C’est une question qui se pose, à l’heure où la Turquie commence son programme de renvoi des activistes étrangers et des familles du groupe Etat islamique (EI). Depuis plusieurs mois, l’Etat turc expulse des individus de différentes nationalités, partis faire le jihad et détenus sur son sol. Quid des Marocains ?
280 femmes et 391 enfants marocains toujours en Syrie
“Les autorités turques coordonnent, avec leurs homologues marocains, les expulsions pour un certain nombre de Marocains partis rallier l’EI, d’autant que se trouvent parmi eux des femmes et des enfants”, indique la version arabophone d’Hespress, ce 25 décembre. Une “porte qui s’est ouverte” avec les autorités turques, notamment depuis l’annonce de la mort du chef de l’organisation Etat islamique, Abou Bakr al-Baghdadi, le 26 octobre.
Dans un article consacré au retour des femmes de combattants, le pure-player indique que les autorités marocaines sont en discussion concernant le retour de “dizaines d’entre elles”, qui ne représentent “aucun danger”. Plusieurs d’entre elles sont détenues dans les camps de jihadistes surveillés par les Forces démocratiques syriennes (FDS).
A la fin octobre, le directeur du Bureau central d’investigations judiciaires (BCIJ), Abdelhak Khiame, avait estimé que les proches des jihadistes n’était “pas des terroristes”. Ils ne peuvent “en rien être blâmés”, avait-il ajouté lors d’une conférence de presse.
Le patron du BCIJ estimait à “280 femmes et 391 enfants marocains”, qui se trouvent dans ces campements. Toujours selon la même source, 1 659 Marocains ont rejoint le groupe Etat islamique ou d’autres organisations jihadistes. 742 ont trouvé la mort au combat.

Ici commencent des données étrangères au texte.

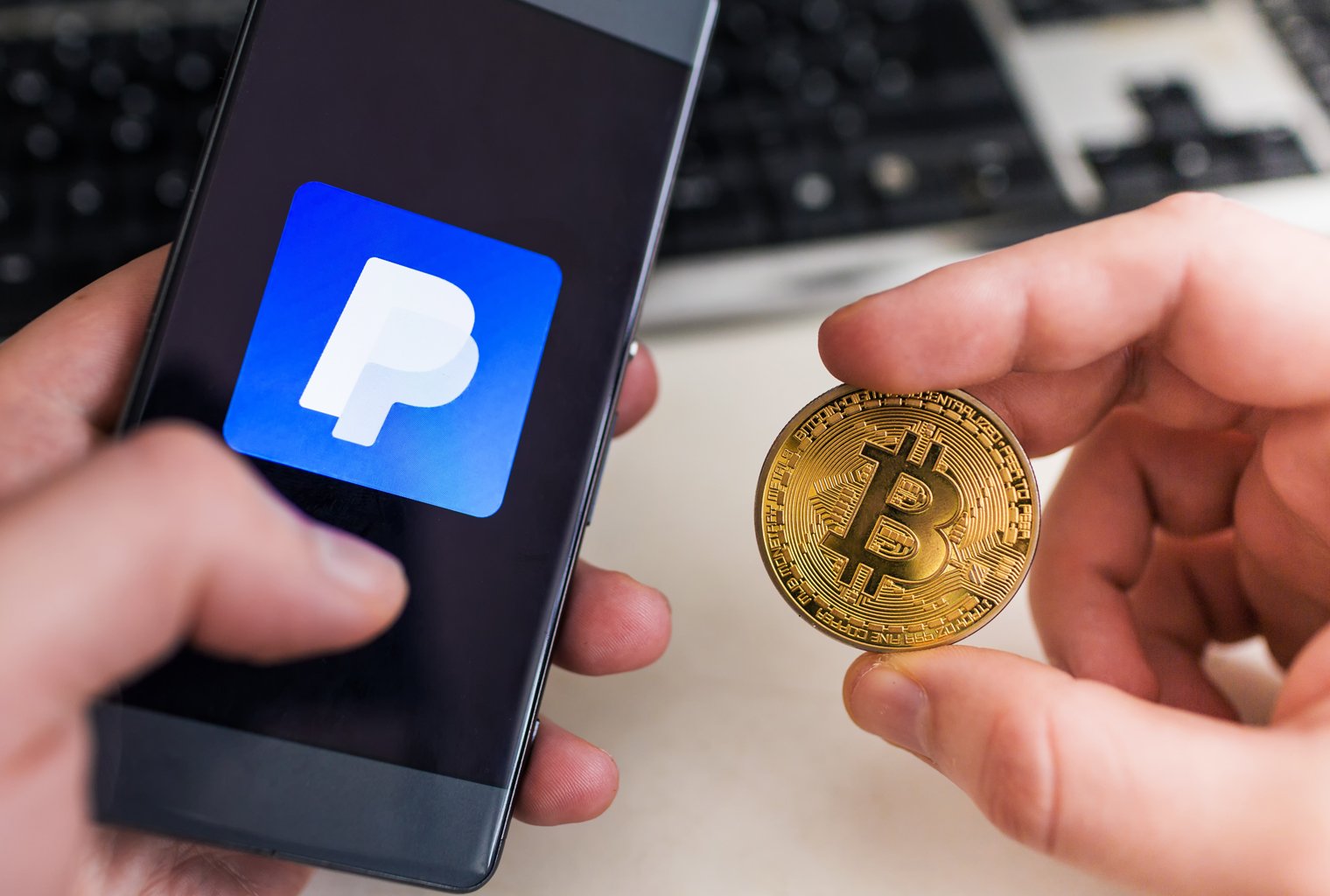 PayPal gets crypto green light in UK as sets up post-Brexit base | Reuters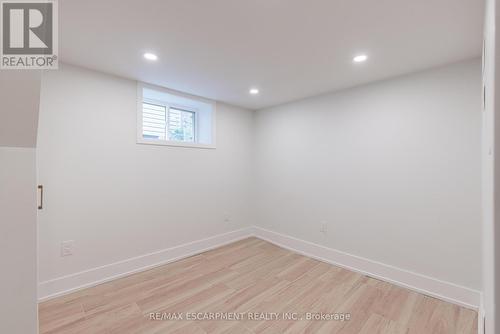 163 Glennie Avenue, Hamilton, ON - Indoor Photo Showing Other Room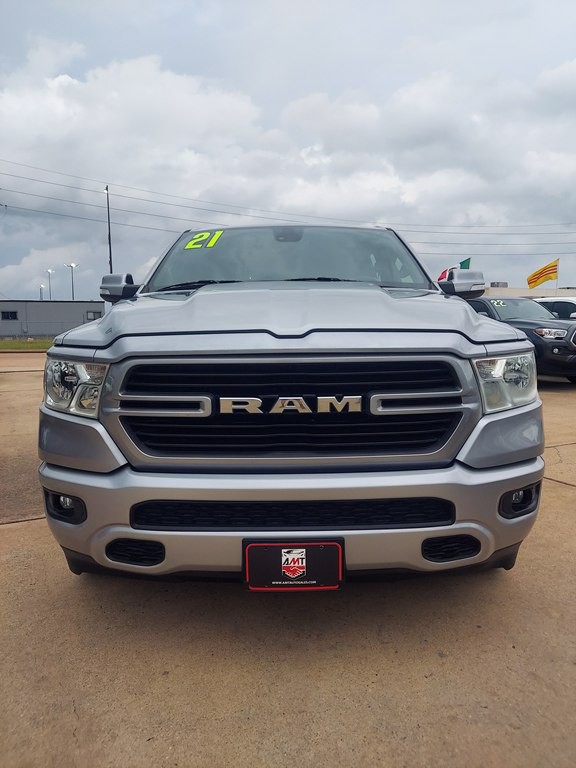 2021 RAM 1500 Image 2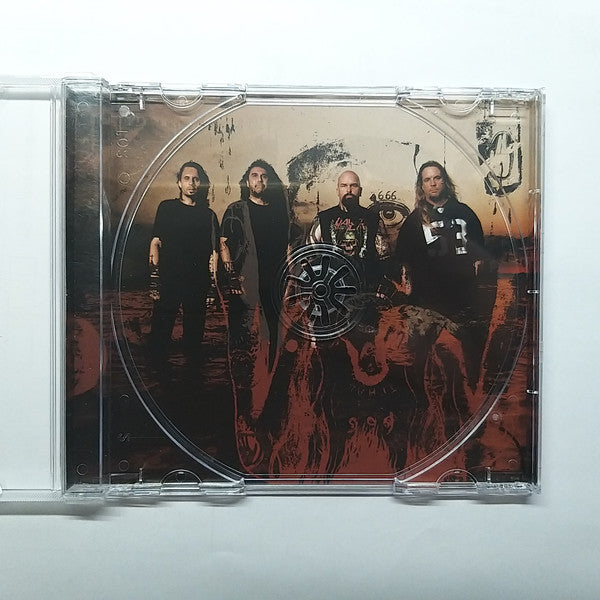 Slayer : Christ Illusion (CD, Album)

Alors que la chute du califat est désormais plus ou moins actée, la problématique interroge dans de nombreux pays. Rien qu’au campement d’al-Hol, les organisations humanitaires sur le terrain estiment que 70 000 personnes y sont entassées, des familles de jihadistes de toutes nationalités. Les forces kurdes ne cessent d’interpeller la communauté internationale afin qu’une institution judiciaire soit érigée sur place, pour juger les jihadistes de Daech. Un tribunal international spécial, calqué sur des modèles en ex-Yougoslavie et au Rwanda.
Un casse-tête international
Quant aux pays concernés, ils se distinguent par leur lenteur. Michelle Bachelet, la Haute-Commissaire des Nations unies aux droits de l’Homme a demandé aux différents pays, le 24 juin, que les membres des familles des jihadistes capturés ou tués en Syrie et en Irak soient “rapatriés, à moins qu’ils ne soient poursuivis pour des crimes”.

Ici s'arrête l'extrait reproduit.